> [ACTIVITY]:
Report each line from the records where the string "Count" turns up.

> [DATA PROVIDED]:
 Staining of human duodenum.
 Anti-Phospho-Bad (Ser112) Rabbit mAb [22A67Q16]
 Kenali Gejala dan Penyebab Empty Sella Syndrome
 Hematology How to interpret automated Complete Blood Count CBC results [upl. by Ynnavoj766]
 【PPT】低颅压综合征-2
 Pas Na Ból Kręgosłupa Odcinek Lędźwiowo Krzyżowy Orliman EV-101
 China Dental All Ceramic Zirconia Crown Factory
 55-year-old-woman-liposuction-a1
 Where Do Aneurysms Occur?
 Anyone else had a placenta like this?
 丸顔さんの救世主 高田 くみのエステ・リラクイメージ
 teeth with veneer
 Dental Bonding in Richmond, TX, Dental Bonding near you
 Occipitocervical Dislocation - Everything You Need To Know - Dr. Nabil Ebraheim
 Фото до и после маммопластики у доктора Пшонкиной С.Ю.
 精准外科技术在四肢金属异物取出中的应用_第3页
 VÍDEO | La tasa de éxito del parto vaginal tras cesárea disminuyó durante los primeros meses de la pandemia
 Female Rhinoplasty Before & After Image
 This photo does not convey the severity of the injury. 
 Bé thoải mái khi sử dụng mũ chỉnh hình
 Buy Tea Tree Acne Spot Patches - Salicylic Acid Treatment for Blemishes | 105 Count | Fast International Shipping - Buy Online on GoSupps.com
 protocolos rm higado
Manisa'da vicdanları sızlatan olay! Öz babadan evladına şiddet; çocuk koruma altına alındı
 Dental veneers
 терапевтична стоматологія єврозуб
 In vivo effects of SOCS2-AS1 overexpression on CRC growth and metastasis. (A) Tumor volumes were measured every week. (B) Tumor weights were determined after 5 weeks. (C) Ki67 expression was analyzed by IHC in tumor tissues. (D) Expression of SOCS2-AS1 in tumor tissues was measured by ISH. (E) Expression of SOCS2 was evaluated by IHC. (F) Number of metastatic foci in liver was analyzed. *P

> [SOLUTION TO THIS TASK]:
 Hematology How to interpret automated Complete Blood Count CBC results [upl. by Ynnavoj766]
 Buy Tea Tree Acne Spot Patches - Salicylic Acid Treatment for Blemishes | 105 Count | Fast International Shipping - Buy Online on GoSupps.com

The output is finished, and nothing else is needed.